Wednesday, April 15, 2015

Applying "audiophile" concepts to a pair of DIY speakers

When I was living with less means than today, I'd found a pair of Infinity bookshelf speakers with rotted woofer surrounds. I found a pair of Peerless Nomex 6.5" woofers at which fit the cut-out in the speaker cabinet. Being a fan of AMT and similar high frequency drivers, I found that the BG Neo 3 planar tweeter. Had to cut out an opening for them, however as they are significantly larger than the dome tweeters which came with them. Since my holes were not symmetric, I used modeling clay to seal off the inside. The cabinets are unported, are fully sealed.

This is well and good; I found some Infinity crossovers with "cups", or the fitting containing the speaker wire terminals, at a surplus store for only a few dollars. Hooked it up and it sounded fine, no distortion from a tweeter crossover too low in frequency, etc. Absolutely ludicrous to cut-and-paste a two-way crossover with drivers different than that for which it was designed, but the ears are the final master and mine said "fine".

The story does not end there...the crossover had ten cent capacitors, white sand-encased 5W resistors, cheap inductors...and I'd been reading "audiophile" sites about I unsoldered one crossover and measured the inductors and wrote up a schematic.

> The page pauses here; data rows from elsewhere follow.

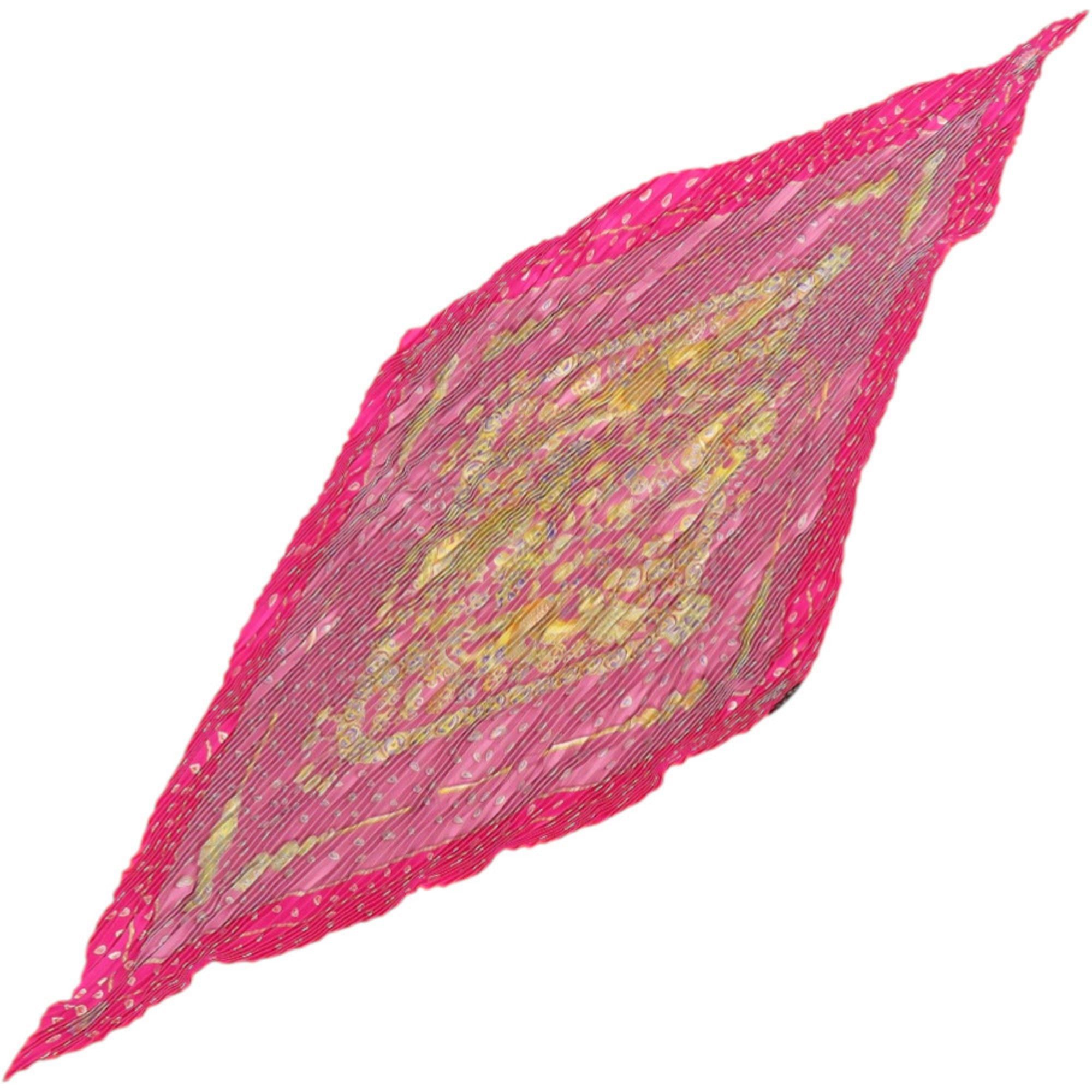 Hermes Hermes Excellent condition Hermès Rosange Pleated Carré Silk Pink Scarf Muffler 0296 Size ONE SIZE - 3 Thumbnail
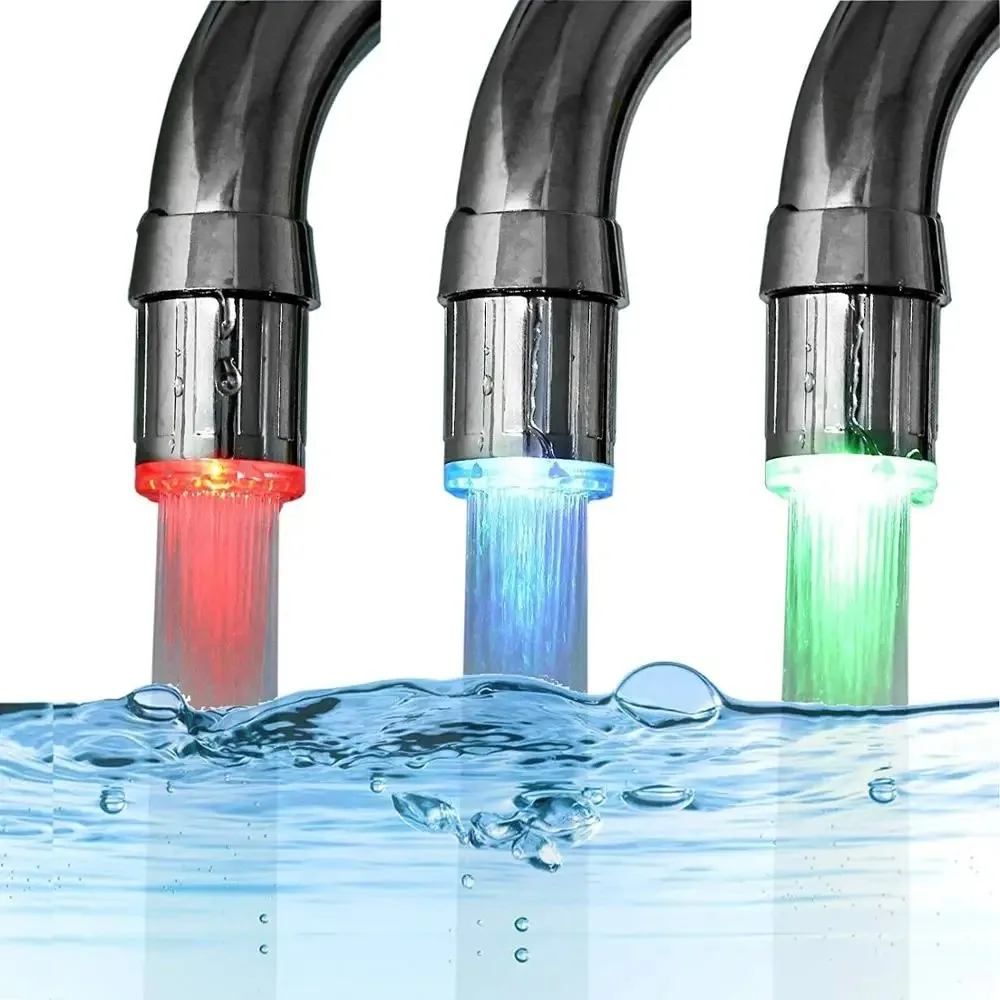 ZhangJi LED Luminous Faucet Tap Nozzle RGB Color Light Blinking Temperature Aerator Water Saving Kitchen Bathroom Accessories 2 piece stainless steel 120x30mm 1 5w led kitchen exhaust light 12v dc range cooker hood light bulb 20w halogen bulb equivalent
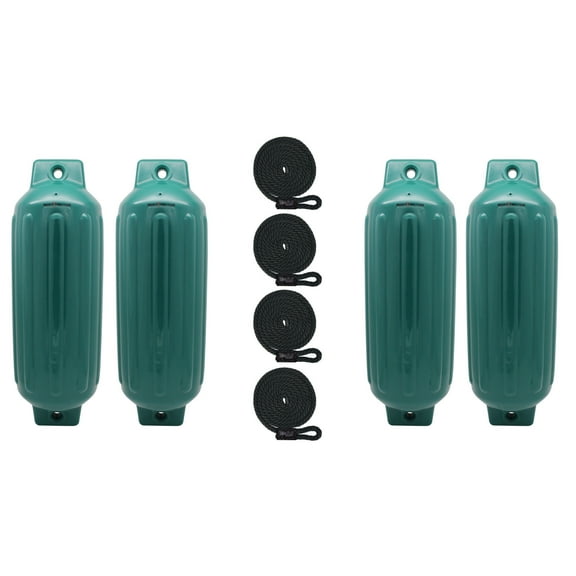 Extreme Max 3006.8547.4 BoatTector Inflatable Fender Value 4-Pack - 10" x 30", Forest Green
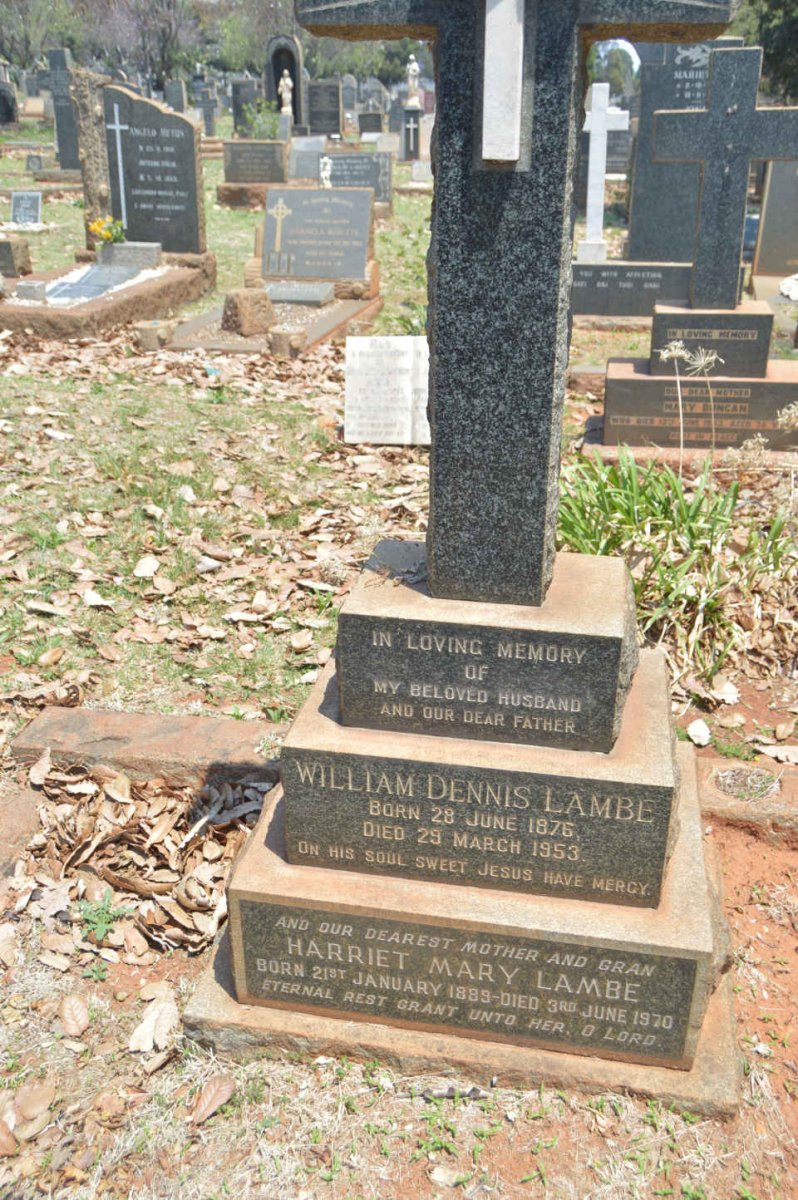 LAMBE William Dennis 1876-1953 &amp; Harriet Mary 1889-1970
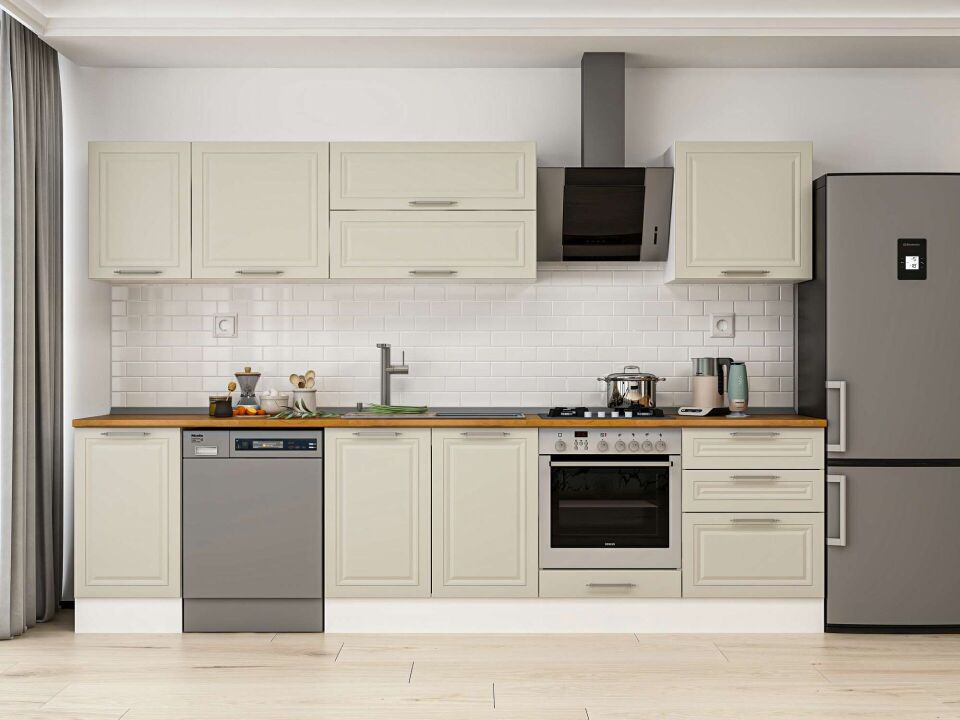 Alvinka 305X210 Cm Klasik Mebran Mutfak Dolabı M-E80S45S60-2 Mebran | Kumtaşı - Mdf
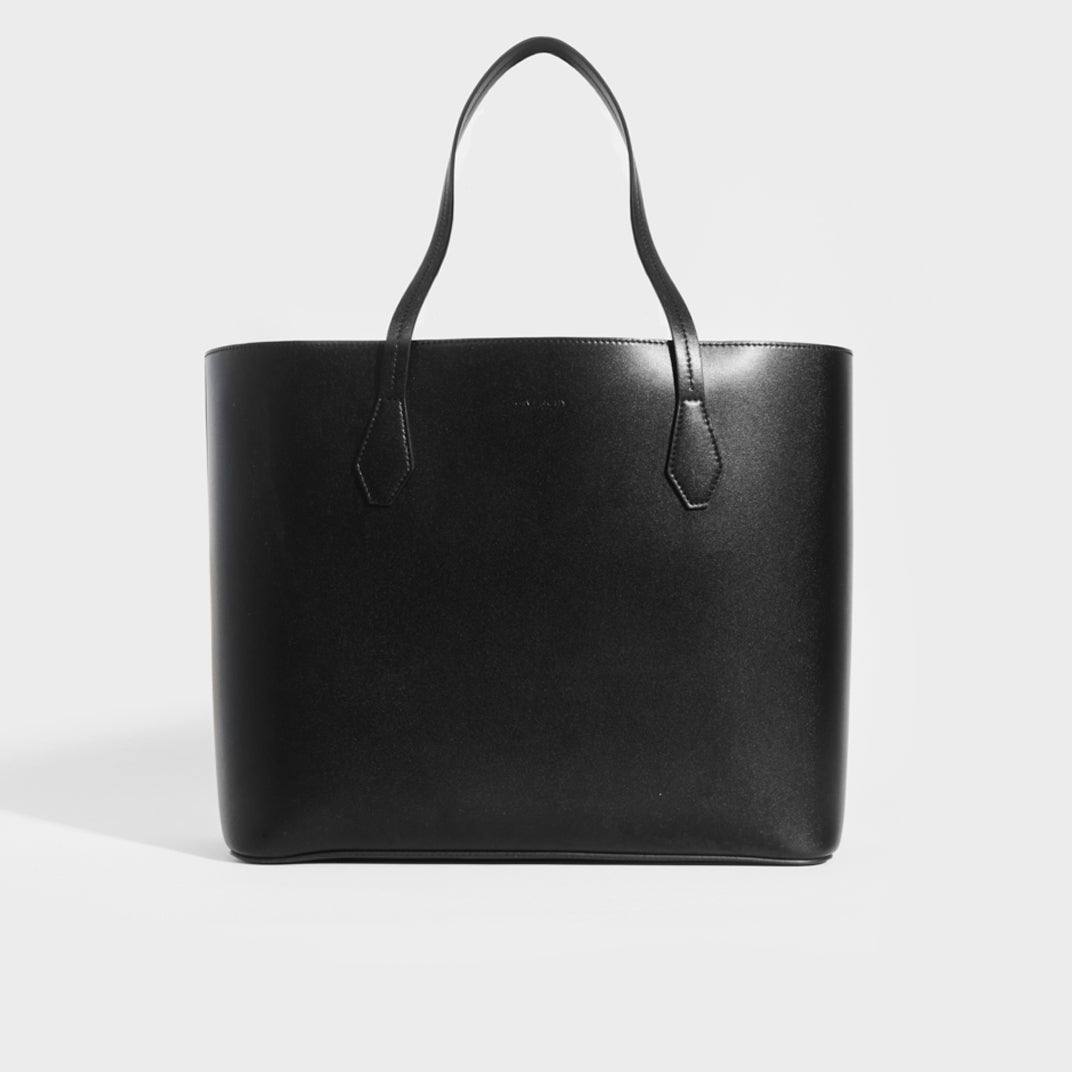 Logo-Embossed Leather Tote Bag in Black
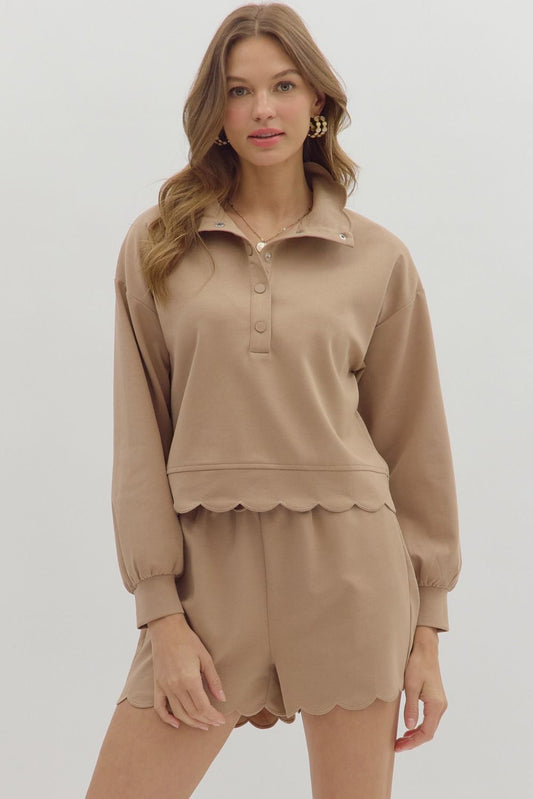 Scallop Pullover Top in Mocha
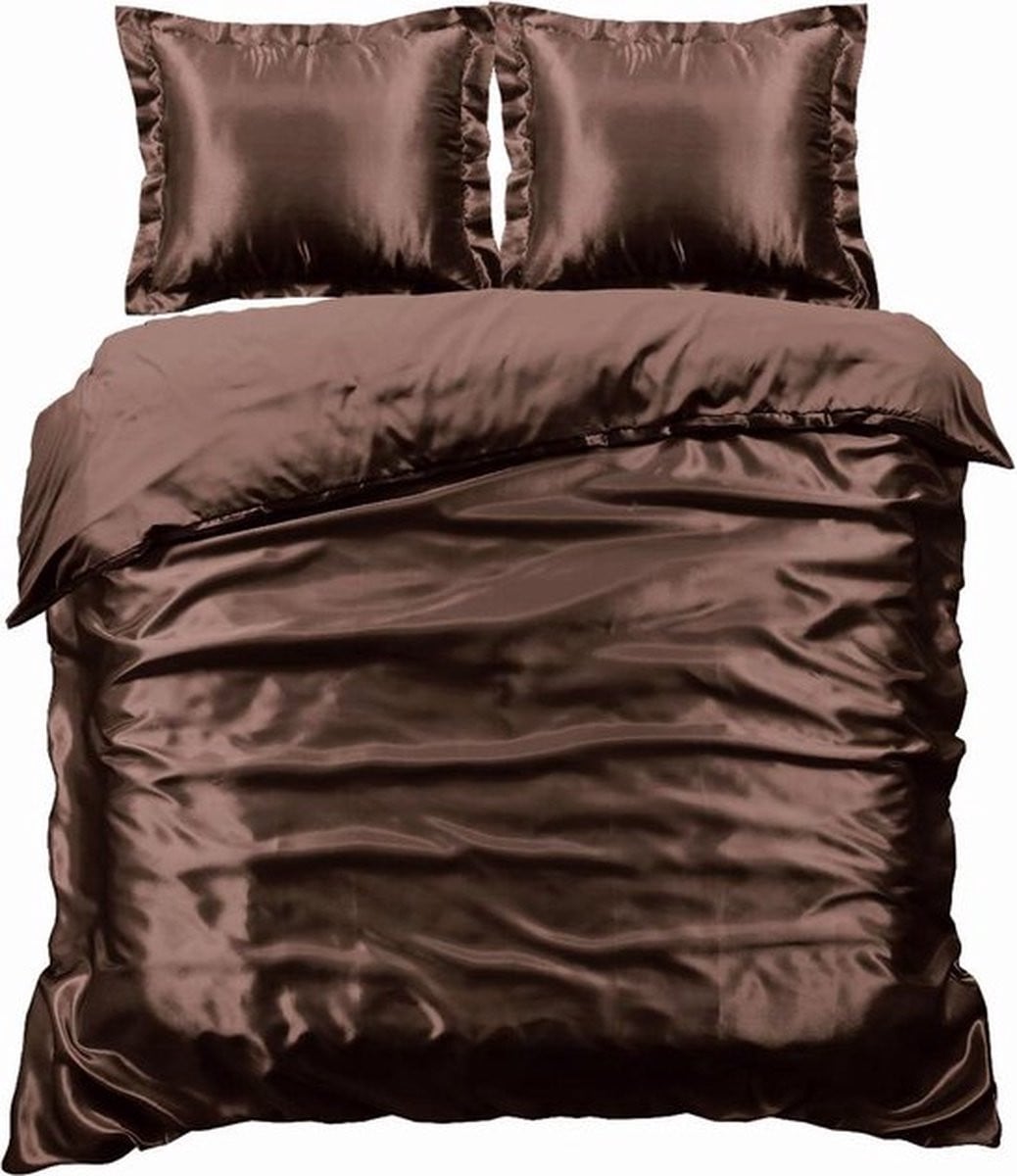 Beauty Silk Dekbedovertrek in Choco met Glans Satijn, 140x200 cm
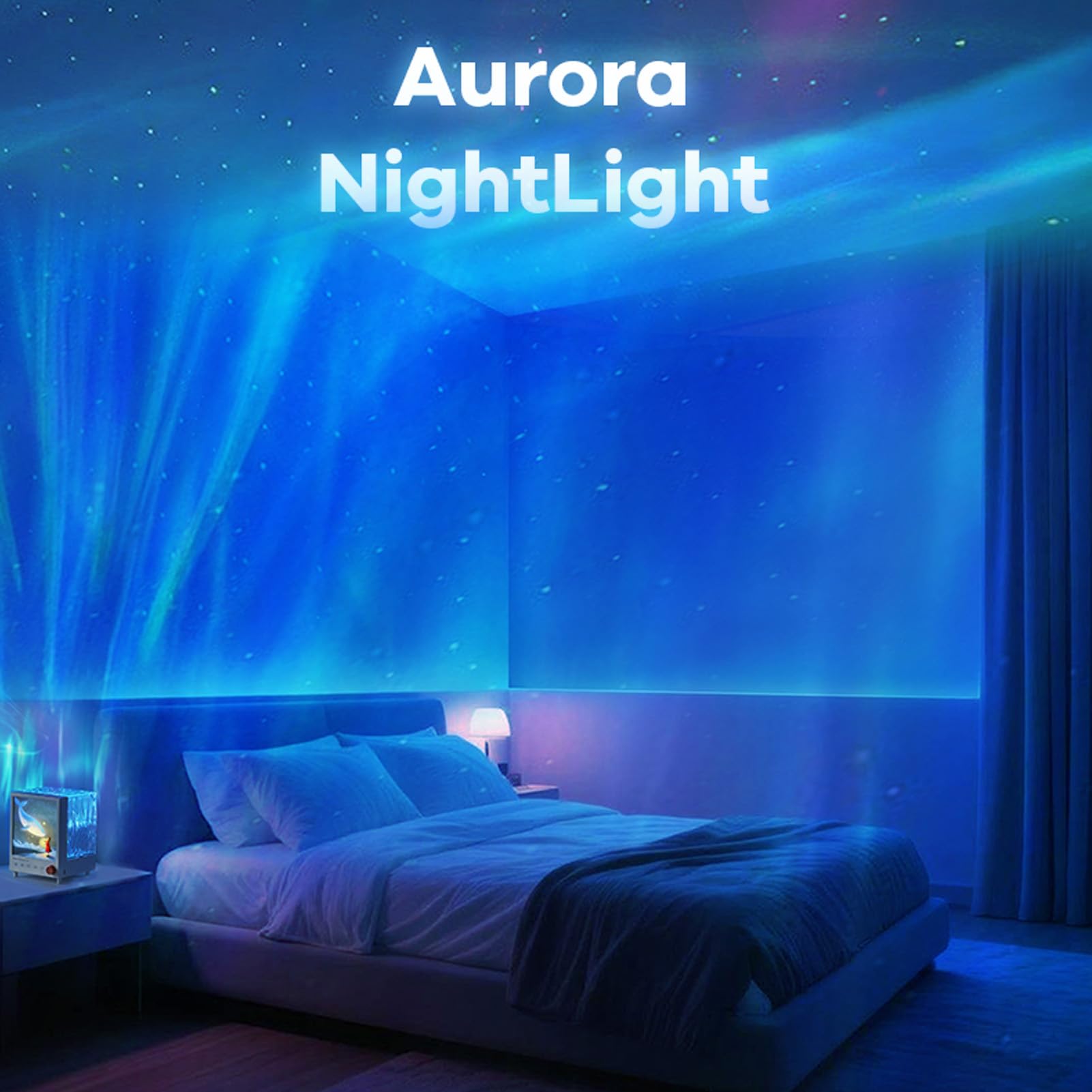 Gonetre Projecteur D'aurores Boréales avec Haut-parleur et Machine à Bruit Blanc 3 en 1. Veilleuse avec Projecteur D'aurores Boréales et Son pour la Relaxation dans la chambre.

Over the years I've been spending a little at a time to upgrade the crossovers and I can easily tell you that there is real truth in what I've been seeing about "audiophile" technology. I've replaced the most obvious capacitor, the electrolytic one in front of the tweeter, with a good set of film capacitors, the resistors with inexpensive Mills 5W types (only a few dollars each) and one of the woofer caps with an Obbligato oil type cap. I have experienced a definite improvement in my listening. One way I've described it is that one early music CD, an Alia Vox collection, has a few pieces with vocals. Before the new resistors and caps, I used to skip a good half of the CD believing I didn't like particular songs. What was occurring is that the cheap components were resulting in a mess where the voices were too close in frequency, producing a blurry sludge. Irritating. Upon replacing the tweeter cap etc., I was suddenly interested in the entire CD...!!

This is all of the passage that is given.